Collected data:
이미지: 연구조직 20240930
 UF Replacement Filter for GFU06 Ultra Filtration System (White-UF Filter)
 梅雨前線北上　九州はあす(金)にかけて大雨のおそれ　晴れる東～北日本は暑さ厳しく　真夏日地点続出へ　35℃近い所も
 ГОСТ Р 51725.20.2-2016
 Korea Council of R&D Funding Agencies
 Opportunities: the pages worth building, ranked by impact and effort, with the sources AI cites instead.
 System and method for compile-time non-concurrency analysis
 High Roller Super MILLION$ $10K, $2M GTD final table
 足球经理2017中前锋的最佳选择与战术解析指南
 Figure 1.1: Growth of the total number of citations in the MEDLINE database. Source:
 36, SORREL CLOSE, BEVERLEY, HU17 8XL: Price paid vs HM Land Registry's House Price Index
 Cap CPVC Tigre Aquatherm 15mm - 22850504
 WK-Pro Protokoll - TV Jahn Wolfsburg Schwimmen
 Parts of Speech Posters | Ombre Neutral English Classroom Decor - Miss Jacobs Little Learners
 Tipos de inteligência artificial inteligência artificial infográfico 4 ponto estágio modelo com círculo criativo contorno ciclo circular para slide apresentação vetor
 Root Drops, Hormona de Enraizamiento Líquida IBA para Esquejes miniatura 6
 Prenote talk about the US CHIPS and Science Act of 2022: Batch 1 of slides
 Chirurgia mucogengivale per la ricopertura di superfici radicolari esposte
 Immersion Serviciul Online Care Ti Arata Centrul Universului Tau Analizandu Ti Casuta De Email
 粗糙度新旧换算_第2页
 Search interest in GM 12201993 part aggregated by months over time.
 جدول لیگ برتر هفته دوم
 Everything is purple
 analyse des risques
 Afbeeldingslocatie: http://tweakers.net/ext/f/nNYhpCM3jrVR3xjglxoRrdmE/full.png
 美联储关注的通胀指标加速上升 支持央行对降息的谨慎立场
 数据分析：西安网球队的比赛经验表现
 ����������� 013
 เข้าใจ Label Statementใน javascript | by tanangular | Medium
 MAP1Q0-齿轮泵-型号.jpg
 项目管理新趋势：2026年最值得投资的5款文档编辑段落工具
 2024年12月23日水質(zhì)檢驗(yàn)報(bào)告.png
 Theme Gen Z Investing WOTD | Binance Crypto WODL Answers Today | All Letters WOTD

● GOAL OF THE EXERCISE: Restate the line containing "analyse des risques" and every remaining line of the records word for word. Add nothing.

● SOLUTION:
 analyse des risques
 Afbeeldingslocatie: http://tweakers.net/ext/f/nNYhpCM3jrVR3xjglxoRrdmE/full.png
 美联储关注的通胀指标加速上升 支持央行对降息的谨慎立场
 数据分析：西安网球队的比赛经验表现
 ����������� 013
 เข้าใจ Label Statementใน javascript | by tanangular | Medium
 MAP1Q0-齿轮泵-型号.jpg
 项目管理新趋势：2026年最值得投资的5款文档编辑段落工具
 2024年12月23日水質(zhì)檢驗(yàn)報(bào)告.png
 Theme Gen Z Investing WOTD | Binance Crypto WODL Answers Today | All Letters WOTD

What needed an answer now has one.